The main issue with such setup lies in the fact that it is really difficult to couple a large N.A beam into the Single-Mode fiber input of the ZOOM Spectra instrument. For this reason, the use of a multimode scrambling system such as the one presented in the two previous articles seems a convenient way to allow the VCSEL characterization with ZOOM Spectra.  To illustrate this, a comparison between measurement performed with and without scrambling system has been carried out.

Direct VCSEL to ZOOM Spectra coupling

In a first experiment a VCSEL laser has been coupled into a multimode fiber which was directly plugged into the ZOOM Spectra input. The typical output spectrum as measured by ZOOM Spectra is the following:

Video 1: Video of a VCSEL Spectrum as measurement by a ZOOM Spectra with a MMF to SMF direct coupling

VCSEL to ZOOM Spectra coupling through a scrambling system

In a second set of experiment, a spatial scrambling system – the Multimode Scrambler – SpeckleFreeTM (MMS-201)  by General Photonics (see Figure 3) – has been added to the coupling setup in order to more efficiently perform the MMF to SMF coupling so as to prevent any spectral loses.

Figure 3: Multimode Scrambler – SpeckleFreeTM (MMS-201) by General Photonics corporation

Video 2 shows the typical output spectrum as measured by a ZOOM Spectra when using a multimode scrambling setup.


Video 2: Video of a VCSEL Spectrum as measured by a ZOOM Spectra throughs a scrambling setup

Comparing these two videos, it can be observed that the output spectrum as observed by the ZOOM Spectra becomes much more stable, with much less intensity variation and peaks displacement over time, when using a multimode scrambling system. This is explained by the fact that scrambling the fiber makes sure that all spatial modes of the different speckles of the MMF always are included into SMF, so no spectral information is lost, which is not necessarily the case when performing a direct coupling.

In addition to this, and to make sure no spectral information was discarded during the coupling process with the scrambling setup, a comparison of the results obtained with the ZOOM Spectra and a high end compact grating spectrometer has been carried out. The main results can be shown below:


Figure 4: Measurement of a VCSEL Spectrum with a ZOOM Spectra (blue) and a high resolution compact spectrometer (red)

One can observe from this graph that the spectrum measured with the ZOOM Spectra and the High Resolution compact spectrometer are similar, thus it can be concluded no information is lost during the scrambling process.
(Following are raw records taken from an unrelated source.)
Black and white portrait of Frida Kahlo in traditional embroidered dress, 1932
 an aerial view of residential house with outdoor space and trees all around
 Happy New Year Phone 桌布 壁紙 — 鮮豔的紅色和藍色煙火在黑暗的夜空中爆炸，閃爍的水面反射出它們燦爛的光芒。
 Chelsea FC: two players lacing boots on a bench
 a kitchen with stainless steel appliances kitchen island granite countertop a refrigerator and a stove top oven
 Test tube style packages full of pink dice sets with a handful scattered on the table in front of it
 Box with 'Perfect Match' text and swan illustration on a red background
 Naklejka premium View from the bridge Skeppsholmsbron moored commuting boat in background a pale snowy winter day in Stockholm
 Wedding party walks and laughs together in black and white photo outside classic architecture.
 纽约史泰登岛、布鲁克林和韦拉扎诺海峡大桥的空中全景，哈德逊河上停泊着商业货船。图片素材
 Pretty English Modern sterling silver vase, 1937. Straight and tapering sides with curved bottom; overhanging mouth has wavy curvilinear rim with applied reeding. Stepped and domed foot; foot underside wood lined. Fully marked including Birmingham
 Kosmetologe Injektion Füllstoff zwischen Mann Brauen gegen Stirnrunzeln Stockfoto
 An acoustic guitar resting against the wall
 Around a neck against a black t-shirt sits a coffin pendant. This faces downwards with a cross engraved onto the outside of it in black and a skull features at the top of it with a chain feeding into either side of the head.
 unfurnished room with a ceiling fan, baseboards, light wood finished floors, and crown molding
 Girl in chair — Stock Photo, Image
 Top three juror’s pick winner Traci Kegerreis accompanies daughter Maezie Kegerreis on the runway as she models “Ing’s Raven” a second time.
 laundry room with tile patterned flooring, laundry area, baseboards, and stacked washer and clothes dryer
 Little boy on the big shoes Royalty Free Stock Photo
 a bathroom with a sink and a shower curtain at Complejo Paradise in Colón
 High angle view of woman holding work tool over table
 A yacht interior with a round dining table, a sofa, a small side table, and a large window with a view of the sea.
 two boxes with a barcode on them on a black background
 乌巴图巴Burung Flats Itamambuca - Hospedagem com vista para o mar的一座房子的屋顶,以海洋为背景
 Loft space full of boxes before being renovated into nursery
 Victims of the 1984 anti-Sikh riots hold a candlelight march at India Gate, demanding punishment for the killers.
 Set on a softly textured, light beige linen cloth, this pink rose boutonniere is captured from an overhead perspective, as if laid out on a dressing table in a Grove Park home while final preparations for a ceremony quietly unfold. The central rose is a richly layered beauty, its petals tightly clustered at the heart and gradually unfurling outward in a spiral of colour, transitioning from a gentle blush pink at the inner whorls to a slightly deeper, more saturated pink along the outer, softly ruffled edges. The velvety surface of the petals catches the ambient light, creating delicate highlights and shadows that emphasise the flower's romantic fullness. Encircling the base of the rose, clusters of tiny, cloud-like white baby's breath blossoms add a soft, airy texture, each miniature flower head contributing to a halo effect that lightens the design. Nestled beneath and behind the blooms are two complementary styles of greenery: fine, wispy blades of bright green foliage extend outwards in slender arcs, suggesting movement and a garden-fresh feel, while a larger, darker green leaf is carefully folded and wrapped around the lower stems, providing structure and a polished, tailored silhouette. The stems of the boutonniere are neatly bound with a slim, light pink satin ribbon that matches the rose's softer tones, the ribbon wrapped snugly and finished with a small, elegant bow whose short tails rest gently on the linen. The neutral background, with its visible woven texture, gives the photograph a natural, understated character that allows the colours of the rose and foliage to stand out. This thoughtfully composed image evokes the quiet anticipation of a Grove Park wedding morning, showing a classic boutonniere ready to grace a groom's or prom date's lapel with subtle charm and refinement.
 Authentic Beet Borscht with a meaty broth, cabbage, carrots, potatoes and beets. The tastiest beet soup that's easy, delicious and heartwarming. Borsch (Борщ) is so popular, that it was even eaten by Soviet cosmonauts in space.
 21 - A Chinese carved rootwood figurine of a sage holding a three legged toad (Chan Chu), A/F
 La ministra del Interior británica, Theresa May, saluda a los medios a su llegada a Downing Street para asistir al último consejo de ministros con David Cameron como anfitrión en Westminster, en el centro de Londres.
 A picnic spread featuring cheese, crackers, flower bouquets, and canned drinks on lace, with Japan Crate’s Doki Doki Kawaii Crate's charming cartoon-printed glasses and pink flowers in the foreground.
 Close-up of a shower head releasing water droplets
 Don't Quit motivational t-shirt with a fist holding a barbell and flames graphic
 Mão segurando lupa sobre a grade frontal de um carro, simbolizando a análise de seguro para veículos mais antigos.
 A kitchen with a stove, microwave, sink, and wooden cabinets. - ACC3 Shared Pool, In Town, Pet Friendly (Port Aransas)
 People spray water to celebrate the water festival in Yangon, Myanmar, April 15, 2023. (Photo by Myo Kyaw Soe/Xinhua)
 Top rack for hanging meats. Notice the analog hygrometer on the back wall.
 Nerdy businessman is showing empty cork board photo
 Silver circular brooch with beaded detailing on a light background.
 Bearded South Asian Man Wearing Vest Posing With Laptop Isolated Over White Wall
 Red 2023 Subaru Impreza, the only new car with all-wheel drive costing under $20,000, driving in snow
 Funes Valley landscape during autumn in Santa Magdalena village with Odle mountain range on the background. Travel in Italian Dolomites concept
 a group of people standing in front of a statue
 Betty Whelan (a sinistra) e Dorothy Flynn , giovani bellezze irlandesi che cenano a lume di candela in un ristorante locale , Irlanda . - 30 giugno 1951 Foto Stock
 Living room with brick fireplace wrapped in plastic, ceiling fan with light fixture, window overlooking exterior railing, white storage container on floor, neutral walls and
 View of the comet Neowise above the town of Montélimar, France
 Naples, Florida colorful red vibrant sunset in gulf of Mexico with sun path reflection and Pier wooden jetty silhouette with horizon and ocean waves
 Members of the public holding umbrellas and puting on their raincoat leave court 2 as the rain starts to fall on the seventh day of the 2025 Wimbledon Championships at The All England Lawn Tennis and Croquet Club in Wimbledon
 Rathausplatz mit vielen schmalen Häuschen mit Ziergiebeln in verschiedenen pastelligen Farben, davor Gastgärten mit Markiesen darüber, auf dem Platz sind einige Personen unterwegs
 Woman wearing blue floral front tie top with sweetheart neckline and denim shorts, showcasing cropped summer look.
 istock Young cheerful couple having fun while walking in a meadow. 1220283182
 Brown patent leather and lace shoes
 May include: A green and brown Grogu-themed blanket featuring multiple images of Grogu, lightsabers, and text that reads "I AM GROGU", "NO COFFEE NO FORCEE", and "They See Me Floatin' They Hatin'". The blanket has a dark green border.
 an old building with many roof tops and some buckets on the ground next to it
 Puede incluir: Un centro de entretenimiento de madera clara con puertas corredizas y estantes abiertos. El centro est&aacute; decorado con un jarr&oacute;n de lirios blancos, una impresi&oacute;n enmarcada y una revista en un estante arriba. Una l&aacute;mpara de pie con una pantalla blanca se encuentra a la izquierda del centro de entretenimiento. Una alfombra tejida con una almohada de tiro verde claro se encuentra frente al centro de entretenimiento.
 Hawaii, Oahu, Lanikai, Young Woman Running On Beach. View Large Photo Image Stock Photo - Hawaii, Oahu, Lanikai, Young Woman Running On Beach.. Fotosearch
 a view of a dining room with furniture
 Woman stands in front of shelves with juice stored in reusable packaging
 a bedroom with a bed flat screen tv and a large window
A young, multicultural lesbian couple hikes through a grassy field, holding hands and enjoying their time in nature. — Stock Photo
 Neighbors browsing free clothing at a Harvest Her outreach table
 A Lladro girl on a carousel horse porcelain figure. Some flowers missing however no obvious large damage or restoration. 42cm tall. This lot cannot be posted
Moreover thanks to its much higher resolution, the ZOOM Spectra allow the detection of side bands and peaks the high resolution compact spectrometer cannot resolve in a first place.

To conclude this article, we have seen that the high speed measurement of VCSEL spectrum has been made possible by using a combination of a ZOOM Spectra to perform the spectral measurement with great resolution and high speed, and a spatial scrambler SpeckleFree™ to ensure an efficient optical coupling.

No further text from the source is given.